3. Talent is the new trade war currency
Tackling the next phase of trade tensions will have less to do with who produces what, and more about who attracts the best talent.
Emerging reality: The global race for AI specialists, semiconductor engineers, and automation experts is intensifying. Countries that win this talent race will likely dictate the future of innovation.
Time to be bold: Companies that traditionally relied on importing talent will need to start creating their own talent hubs from the ground up. The question is no longer where do we hire, but how do we build the next generation of specialized talent pipelines.
4. New mobility models: Decentralization and hybrid work
As companies hedge risks by diversifying operations across multiple APAC markets, some are drawing heavily on the lessons learned during the COVID pandemic, adopting alternative ways of working and embracing flexible mobility to build a global culture. A more agile workforce can allow employers to continue business operations in response to changes. According to the Vialto Partners Mobility Agility Survey7, APAC is ahead of the curve in some aspects of talent mobility. While the number of temporary international assignment days are dropping globally, they’re up over 50 percent in APAC. The so-called “non-mobile mobility” is also growing in popularity globally, with 64 percent of respondents anticipating an increase in the volume of “virtual assignments” in the next two years.
Key shift: The emergence of a multi-hub model, where businesses distribute leadership teams across several regional markets rather than centralizing in one place.

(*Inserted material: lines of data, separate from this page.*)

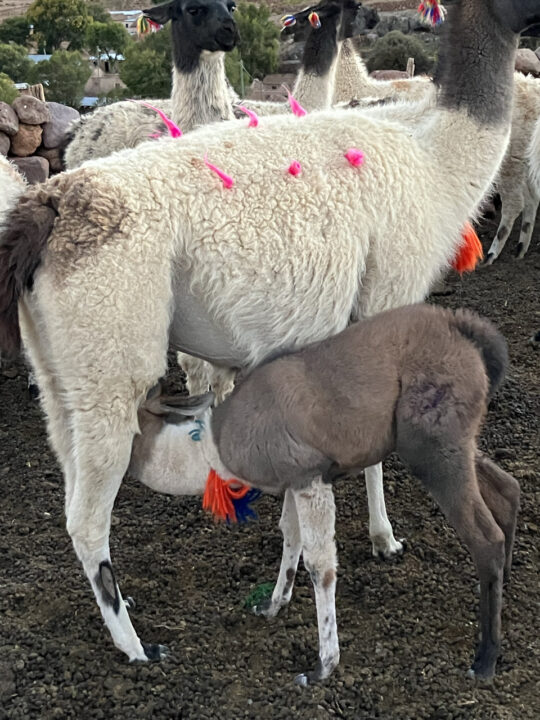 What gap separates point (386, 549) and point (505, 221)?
5.44 meters

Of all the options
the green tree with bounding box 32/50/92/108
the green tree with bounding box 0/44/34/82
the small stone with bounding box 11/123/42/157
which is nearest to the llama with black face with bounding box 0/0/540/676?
the small stone with bounding box 11/123/42/157

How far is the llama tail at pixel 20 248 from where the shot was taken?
255 cm

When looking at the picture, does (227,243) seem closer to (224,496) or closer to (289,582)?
(224,496)

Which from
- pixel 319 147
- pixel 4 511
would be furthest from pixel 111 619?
pixel 319 147

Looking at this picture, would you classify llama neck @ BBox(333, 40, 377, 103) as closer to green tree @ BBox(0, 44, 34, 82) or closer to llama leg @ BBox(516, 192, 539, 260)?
llama leg @ BBox(516, 192, 539, 260)

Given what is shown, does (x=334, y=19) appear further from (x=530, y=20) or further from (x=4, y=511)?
(x=4, y=511)

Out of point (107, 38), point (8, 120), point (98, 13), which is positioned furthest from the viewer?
point (98, 13)

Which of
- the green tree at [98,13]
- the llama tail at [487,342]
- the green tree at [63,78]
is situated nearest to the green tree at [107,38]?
the green tree at [63,78]

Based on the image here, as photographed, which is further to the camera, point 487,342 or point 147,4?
point 147,4

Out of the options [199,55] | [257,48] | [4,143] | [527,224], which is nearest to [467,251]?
[199,55]

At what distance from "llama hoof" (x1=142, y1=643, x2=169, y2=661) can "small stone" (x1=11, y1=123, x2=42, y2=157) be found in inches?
282

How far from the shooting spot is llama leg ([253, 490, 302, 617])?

Think network, not geography: Moving beyond relocation-based mobility and investing in regional talent ecosystems can enable businesses to create cross-border teams that work seamlessly across multiple APAC cities, without the logistical disruptions, costs, and the complex administrative burden associated with traditional assignments.
In a world where trade is increasingly political and talent is the new currency of power, mobility leaders need to think differently. The winners will not just be those who react to trends, but those who shape them.
APAC is no longer just a production base, it is a high-stakes chessboard for talent, innovation, and economic influence. The real question isn’t just where talent is moving, but who is controlling that movement.
This is the time for mobility leaders to step beyond their traditional role and to take action to become the architects of the future workforce.